For training, you must make sure your custom encoder is compatible with huggingface transformers.Trainer.

Trove expects each encoder to provide several methods

encode_query(inputs) -> torch.Tensor: function that takes batched query tokens as inputs and returns the embedding vectors.

encode_passage(inputs) -> torch.Tensor: function that takes batched passage tokens as inputs and returns the embedding vectors.

save_pretrained(): the encoder must provide this method if we need to save checkpoints. The signature is the same as that of huggingface transformers models.

similarity_fn(query: torch.Tensor, passage: torch.Tensor) -> torch.Tensor It is optional. The default is the dot product between query and passage embeddings.

Warning

Trove retrievers like BiEncoderRetriever provide other methods like format_query and format_passage and attributes like append_eos_token.
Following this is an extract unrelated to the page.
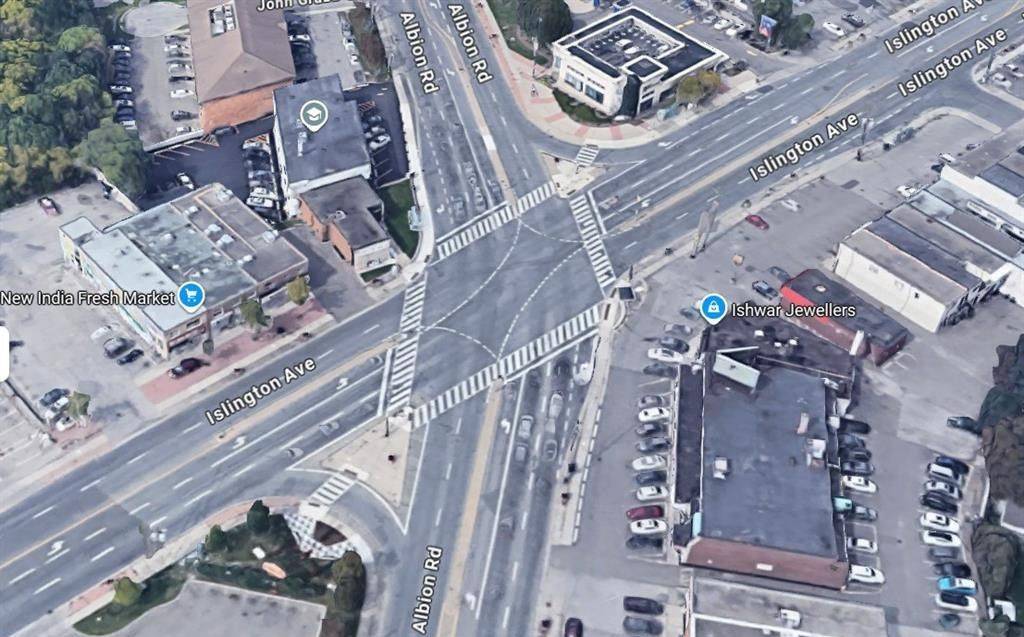 Toronto W10, ON M9V 1A5,900 Albion RD #B14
These are valid only if your encoder provides methods and attributes with the same names or if you pass these as arguments to retrievers __init__ method. Otherwise, these are set to default values which might not be valid for your specific encoder.

Trove Default Wrapper (recommended)

Trove provides DefaultEncoder as a general encoder wrapper that can load and save huggingface transformers models. It supports quantization and LORA adapters which you can specify through ModelArguments. You also need to choose a pooling method (options are first_token, last_token, and mean) and specify whether to normalize the embeddings or not.
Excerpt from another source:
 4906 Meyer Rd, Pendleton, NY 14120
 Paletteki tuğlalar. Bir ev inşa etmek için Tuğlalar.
You do not need to instantiate DefaultEncoder manually. You just provide the model arguments to the retriever and it instantiates the encoder for you.
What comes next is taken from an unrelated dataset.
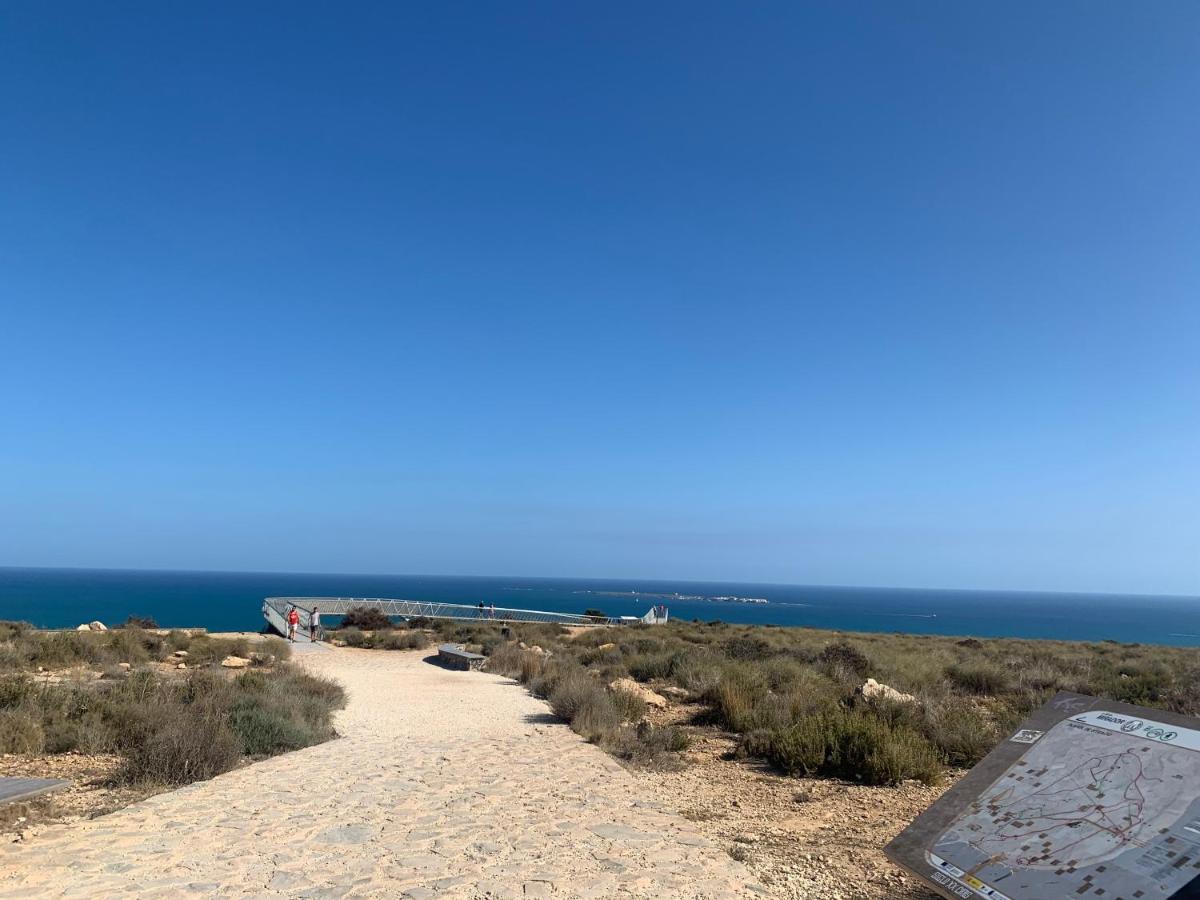 Adosado Tranquilo Con Piscina Y Vistas Al Mar Apartamento Puerto Marino Exterior foto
args = trove.ModelArguments(
    model_name_or_path="mistralai/Mistral-7B-v0.1",
    encoder_class="default",
    pooling="last_token",
    normalize="yes",
    use_peft=True,
    loss='infonce'
)
model = trove.BiEncoderRetriever.from_model_args(args=model_args)

Trove Custom Wrappers (recommended)

For maximum flexibility, you can create your own custom encoder wrappers. For example to include formatting functions to add task instructions to queries.

Trove encoder wrappers are subclasses of PretrainedEncoder. Subclasses of PretrainedEncoder should take care of everything that is needed to use (train or evaluate) an encoder. This includes but is not limited to:

loading the model
loading/merging LORA adapters (optional)
quantization (optional)
how to format queries and passages (e.g., use task instructions)
how to calculate embeddings (e.g., pooling type)
etc.

Note

Some requirements like providing query and passage formatting methods are not necessary for the function of the encoder class itself. But the goal is to keep all the details related to each backbone in one place instead of handling them in user scripts. For instance, instead of selecting the correct instructions for each model, we prefer to just instantiate the correct encoder wrapper for that class and let it handle the rest.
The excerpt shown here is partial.